Saturday, 6 February 2021

Young Hustlers ‘Hiding In The Open’ 12” (Skuggsidan)

 

My review of Young Hustlers’ debut cassette ‘Encaged’ described a series of tracks built from familiar power electronics components but promising more than it could deliver, the singularity to the pieces wearing quite thin. Of greater moment were the duo’s tracks on Styggelse’s ‘Stadsbranden 3’ compilation, a crueller detachment settling into the two tracks donated to that collection.
 
The opening synth buzz, slow synth excoriation and barked vocals of “Alienation” bash out an effective but primitive power electronics attack opening ‘Hiding In The Open’, flagging that Young Hustler’s stoic primitivism hasn’t been abandoned – but the pieces have moved beyond the motionless trajectory of ‘Encaged’, demonstrated by the emergence of a scalding fuzz into the opening track, and the antisocial remoteness of the project remains strong. What follows is familiar European power electronics but with a heavy dose of unsettling hooliganism bringing similar disquiet to Young Hustlers’ neighbourhood the way Skm-Etr did to Winnipeg in the mid-’00s, notable for what it manages within strict genre confines rather than any attempt to move or expand upon those. The tracks from both ‘Stadsbranden 3’ and the pair’s split cassette with Alfarmania are included on the LP, ‘Hiding In The Open’ the fuller exposition of the tone set across those releases.

Heavy synth currents and burly distortion layers remain the instrumentation of choice but the vocals are the central feature both in attack and tone; “Cocaethylene” sets the scene with an overwhelming glut of effects in which the vocal blasts are immersed, as sickly feedback and a slippery low-end thud take up the small amount of available space which remains.
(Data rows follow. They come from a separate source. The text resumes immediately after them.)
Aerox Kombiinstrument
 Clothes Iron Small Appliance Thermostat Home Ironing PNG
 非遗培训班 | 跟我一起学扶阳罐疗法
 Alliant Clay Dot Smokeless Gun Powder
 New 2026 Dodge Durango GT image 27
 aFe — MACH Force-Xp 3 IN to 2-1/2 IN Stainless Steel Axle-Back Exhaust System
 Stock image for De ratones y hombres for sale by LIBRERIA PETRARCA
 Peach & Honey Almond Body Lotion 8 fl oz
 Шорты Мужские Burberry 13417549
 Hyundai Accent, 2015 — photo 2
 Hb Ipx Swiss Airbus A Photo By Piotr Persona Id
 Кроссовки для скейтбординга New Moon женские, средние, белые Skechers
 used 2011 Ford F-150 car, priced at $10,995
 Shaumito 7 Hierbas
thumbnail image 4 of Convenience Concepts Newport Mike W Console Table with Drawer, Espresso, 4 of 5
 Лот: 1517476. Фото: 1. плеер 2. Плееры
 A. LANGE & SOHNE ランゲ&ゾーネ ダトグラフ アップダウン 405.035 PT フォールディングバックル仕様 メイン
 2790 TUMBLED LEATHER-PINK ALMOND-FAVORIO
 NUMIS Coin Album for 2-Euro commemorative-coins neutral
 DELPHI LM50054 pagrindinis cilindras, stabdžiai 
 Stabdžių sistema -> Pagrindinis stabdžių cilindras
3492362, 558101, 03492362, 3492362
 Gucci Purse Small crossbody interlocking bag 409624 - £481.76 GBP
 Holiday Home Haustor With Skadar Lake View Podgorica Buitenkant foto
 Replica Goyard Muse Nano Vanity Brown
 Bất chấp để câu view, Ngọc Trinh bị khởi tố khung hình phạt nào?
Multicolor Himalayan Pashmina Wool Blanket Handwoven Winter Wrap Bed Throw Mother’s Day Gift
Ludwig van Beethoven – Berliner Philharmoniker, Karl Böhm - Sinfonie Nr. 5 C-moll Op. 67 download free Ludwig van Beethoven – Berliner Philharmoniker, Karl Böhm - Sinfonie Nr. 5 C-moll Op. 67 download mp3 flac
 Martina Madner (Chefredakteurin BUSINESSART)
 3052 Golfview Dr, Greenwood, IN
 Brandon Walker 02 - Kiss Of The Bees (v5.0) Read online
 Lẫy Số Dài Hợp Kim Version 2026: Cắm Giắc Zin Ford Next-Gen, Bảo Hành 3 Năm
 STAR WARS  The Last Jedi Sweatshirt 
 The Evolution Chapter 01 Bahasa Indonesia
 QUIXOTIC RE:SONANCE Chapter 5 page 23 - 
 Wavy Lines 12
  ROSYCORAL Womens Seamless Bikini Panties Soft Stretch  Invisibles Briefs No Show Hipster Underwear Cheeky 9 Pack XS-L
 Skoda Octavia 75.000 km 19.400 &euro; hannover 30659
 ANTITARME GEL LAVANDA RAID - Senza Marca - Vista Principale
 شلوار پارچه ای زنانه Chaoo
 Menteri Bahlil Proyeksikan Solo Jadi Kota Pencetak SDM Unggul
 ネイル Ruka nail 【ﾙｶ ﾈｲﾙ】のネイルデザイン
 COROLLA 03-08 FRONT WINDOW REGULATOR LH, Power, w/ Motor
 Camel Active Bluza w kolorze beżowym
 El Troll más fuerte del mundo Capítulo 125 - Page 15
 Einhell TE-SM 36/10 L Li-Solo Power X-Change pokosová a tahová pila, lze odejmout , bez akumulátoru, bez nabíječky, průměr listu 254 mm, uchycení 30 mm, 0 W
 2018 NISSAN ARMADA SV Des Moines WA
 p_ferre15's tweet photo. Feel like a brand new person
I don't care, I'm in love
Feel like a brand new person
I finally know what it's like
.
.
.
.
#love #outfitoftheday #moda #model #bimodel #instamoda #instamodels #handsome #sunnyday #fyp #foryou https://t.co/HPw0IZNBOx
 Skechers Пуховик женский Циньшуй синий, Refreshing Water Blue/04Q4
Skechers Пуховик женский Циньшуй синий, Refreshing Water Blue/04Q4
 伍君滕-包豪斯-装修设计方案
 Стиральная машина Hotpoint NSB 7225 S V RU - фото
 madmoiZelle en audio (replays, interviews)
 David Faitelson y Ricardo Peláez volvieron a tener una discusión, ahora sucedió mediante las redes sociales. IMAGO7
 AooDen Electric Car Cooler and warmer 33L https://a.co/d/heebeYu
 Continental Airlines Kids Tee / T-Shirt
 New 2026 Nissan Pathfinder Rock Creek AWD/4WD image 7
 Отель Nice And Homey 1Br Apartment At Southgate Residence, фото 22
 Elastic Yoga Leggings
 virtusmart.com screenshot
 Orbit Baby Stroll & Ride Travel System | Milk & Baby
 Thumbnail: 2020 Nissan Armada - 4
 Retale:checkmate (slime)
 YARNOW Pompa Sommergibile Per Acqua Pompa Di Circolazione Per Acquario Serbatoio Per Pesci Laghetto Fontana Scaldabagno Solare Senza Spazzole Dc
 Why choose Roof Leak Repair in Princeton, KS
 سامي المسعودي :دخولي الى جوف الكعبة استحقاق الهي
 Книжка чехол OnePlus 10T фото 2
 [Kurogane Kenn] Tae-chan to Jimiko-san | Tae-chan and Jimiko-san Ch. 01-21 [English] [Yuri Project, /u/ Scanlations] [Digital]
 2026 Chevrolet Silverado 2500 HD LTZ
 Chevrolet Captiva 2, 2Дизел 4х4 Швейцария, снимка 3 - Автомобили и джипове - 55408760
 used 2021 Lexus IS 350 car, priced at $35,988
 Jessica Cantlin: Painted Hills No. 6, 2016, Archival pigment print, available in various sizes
The remaining tracks of the first side follow suit, the unhinged vocals dominating the compositional space, new track “Bacca Bazi” a favourite as the punishing yells become so swollen with effects that they bear the sonic texture of sheet metal bashing as much as they do vocalising, supported by an insistent fast-paced repetition and intentionally irritating mid-range scratching.

Over the second side a balance returns between vocals and instrumentation, Skm-Etr heavily invoked in the rampant vocal effects and turgid synth of “Startpistol Med Hagelpatron”, while the heavy thrust of “Vagabond Annihilation” and glacial synth ebb of “Knullad Av Hundar”, laced with a fuzz of cold wind distortion, allow more space between the lines of hoarse yelling. While playing an intentionally supportive role across the LP the chance for that instrumentation to emerge is crucial to closer “Vagen Ut”, which unwinds a softer mid-range shudder and slow modulations for a chilled finale of introspection, the heavy vocals completely absent and replaced instead by spaced spoken word passages seemingly sampled from news broadcasts or the like. Spoken in Swedish the content of those passages is lost on me, but the sudden shift from hooliganism to introversion is clear: a pause in external hostilities to dwell on the internal motivations which enrage the remainder.

While there may not be solace there does seem to be in “Vagen Ut” an internal recognition of the excesses across the remainder of ‘Hiding In The Open’, a retreat into the shadows after blazing across the city fuelled by intoxicants and malign intentions. The danger which brews in the remaining tracks is palpable, but that detached antisocialism is actually recognised and made that little more dangerous by the clarity of thinking which “Vagen Ut” brings to an already strong LP.